At Mt, Kenya we have easy access to the Ol Pejeta Conservancy and the Mt. Kenya National Park. It is here that we saw our celebrity sponsored animal centers. The Jane Goodall sponsored Sweetwaters Chimp center rescues chimps from the bush meat trade, people who keep them as pets until they are too big and strong to handle, and war. There are no chimps native to Kenya. The center is here because of war in Burundi. The chimps are refugees with better conditions than human refugee camps. There are two troupes of chimps, one more habituated to people and, across a river, less habituated.

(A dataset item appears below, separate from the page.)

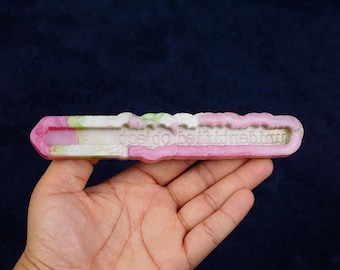 Unidentified Object Plant Stake Silicone Resin Mold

The William Holden Foundation operates an animal orphanage, which, like the Raptor Center in Sitka, takes in animals and rehabilitates them to go back into the wild. Well not all of them. For a while someone bread zebras with horses to create a strong pack animal suited for Africa. The animals, like mules, do not breed, and the cross was not that successful, so the last of these animals, now very old, is also resident at the orphanage. There are three circles. The inner circle has animals that need treatment, are pregnant or young. The second ring has larger fenced fields to help habituate the animals to living in the wild. The third area is a thousand acre habitat, the third step before the animals are released into Mt. Kenya National Park. Like the raptor center there are animals that cannot be released and are used for training and there is a training program for wildlife students. The orphanage is not completely safe. Leopards can get into all but the inner ring, which is shy newborns are kept there for a while. Leopards are not the only predator that gets in. The orphanage’s two rhinos were shot by poachers for their horns. When the poachers tried to cross the fence an alarm went off and the poachers never got the rhino horn, but the rhinos were just as dead.

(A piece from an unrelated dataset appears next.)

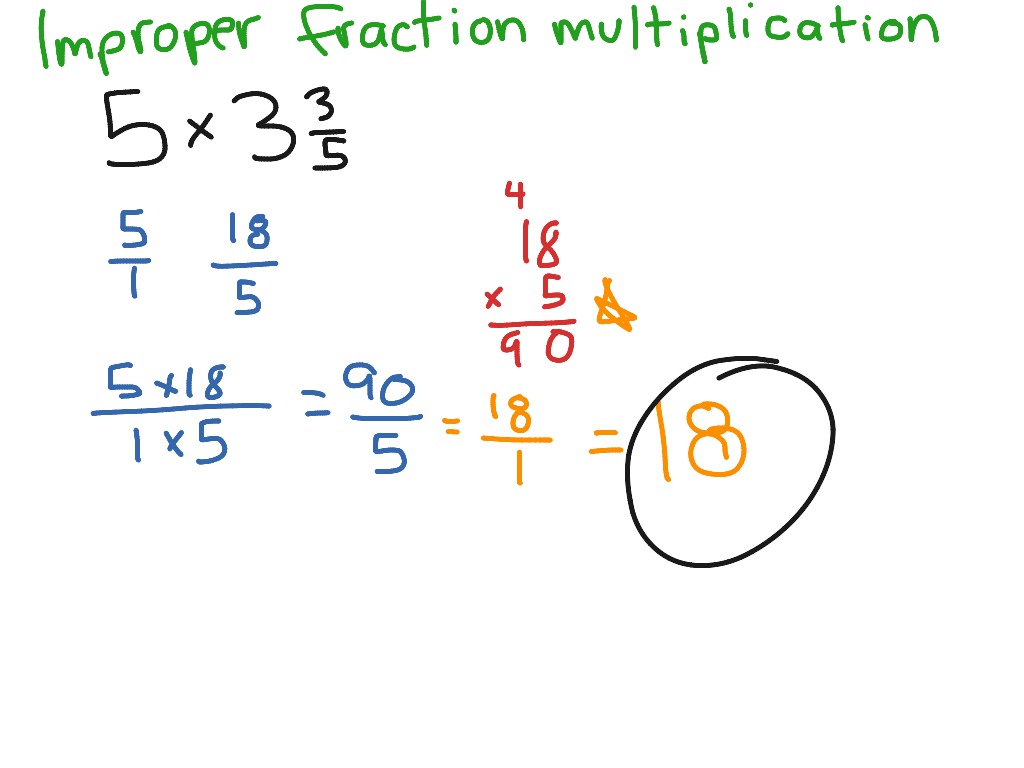 adding improper fractions calculator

Which is why, at the third animal rescue center we visited, which breeds rhinos to reintroduce to Kenya (The number has gone from the tens of thousands to under 500) trims the horns off its rhinos. They are no longer appealing to poachers. Clipping Rhino horn is not a job I would want. My cats are bad enough. The warden says that the horns are like fingernails and will grow back. There is some talk, I am not sure how serious, of legalizing the rhino horn trade and underselling the poachers with horn harvested from this and similar centers. The warden was happy yesterday, when we were there. They had a newborn Rhino that morning, and some of the other rhinos, returned to Africa from zoos in Europe, were copulating. In fact the warden pulled out his cell phone and happily showed us a video of humping rhinos. (The fact that the black Rhino copulates for about an hour is the source of the myth that rhino horn is the organic Viagra.)

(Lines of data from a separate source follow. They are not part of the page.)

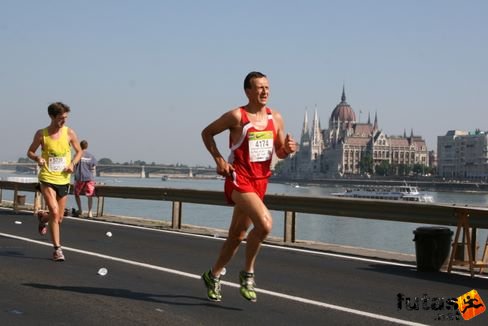Nagy Sándor Budapest Félmaraton futás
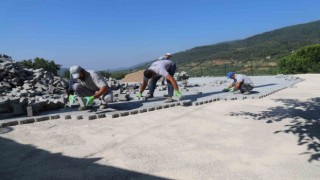 Turgutluda çalışmalar hız kesmeden devam ediyor
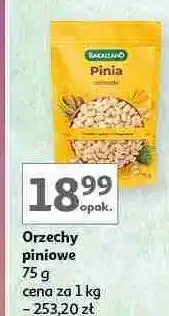 Auchan Orzechy pinii Bakalland oferta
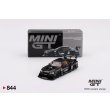 画像1: MINI GT 1/64 Nissan LB-ER34 Super Silhouette Skyline Black (RHD) (1)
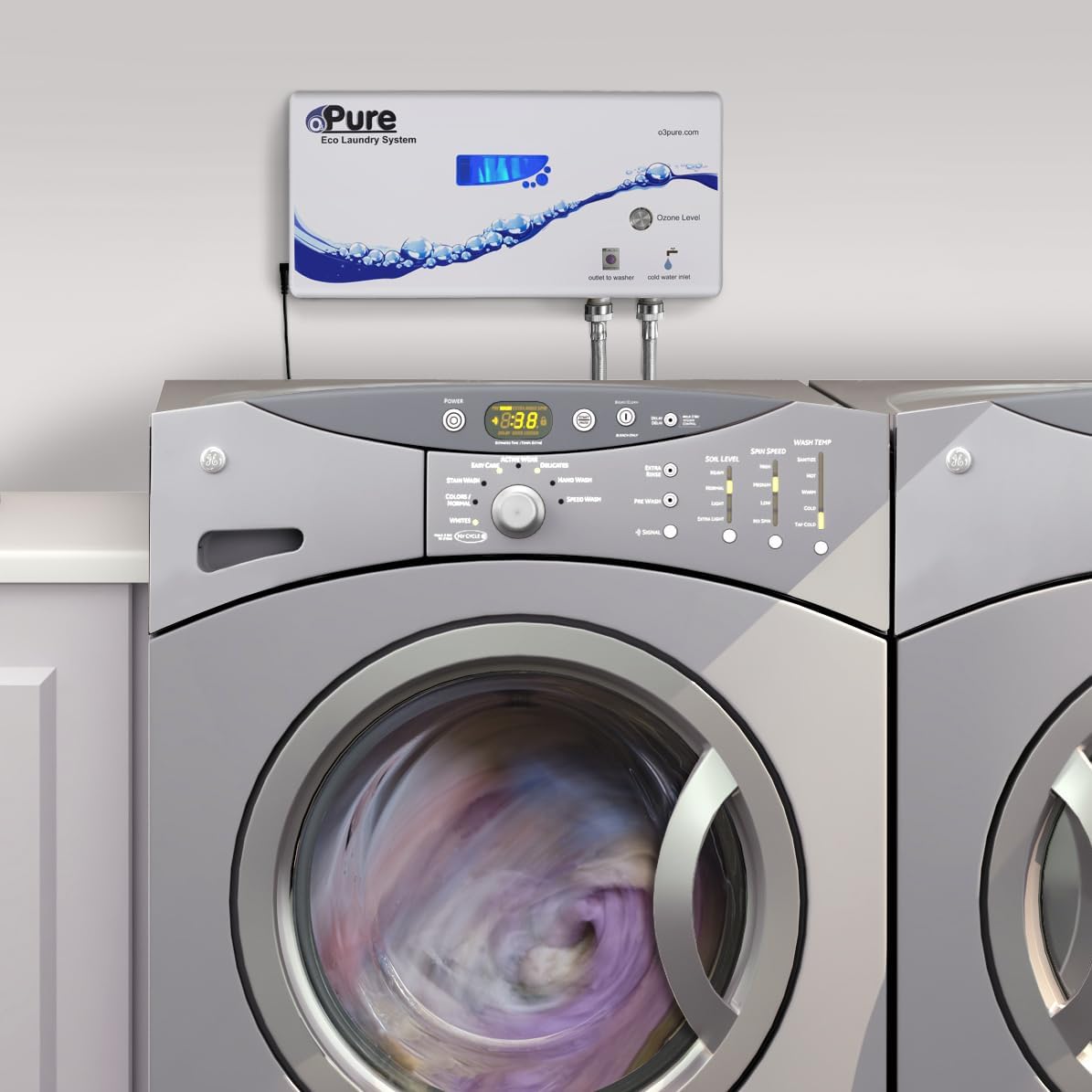 O3 Pure Professional Eco Laundry Washer System - Newest Generation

So we spent some time at these centers, but more exploring the Ol Pejta Conservatory and Mt. Kenya National Park, where last evening at dusk, we saw an albino zebra. Still no Lion, although we saw leopard tracks.
The afternoon rain is slowing. The Kikuyu dancers are warming up with their “Jambo Bwana” (Welcome Boss) song to greet the new arrivals, some conference of development workers no doubt, so I will put down my computer and go look for some Baboons or Colibus Monkey, They are within walking distance.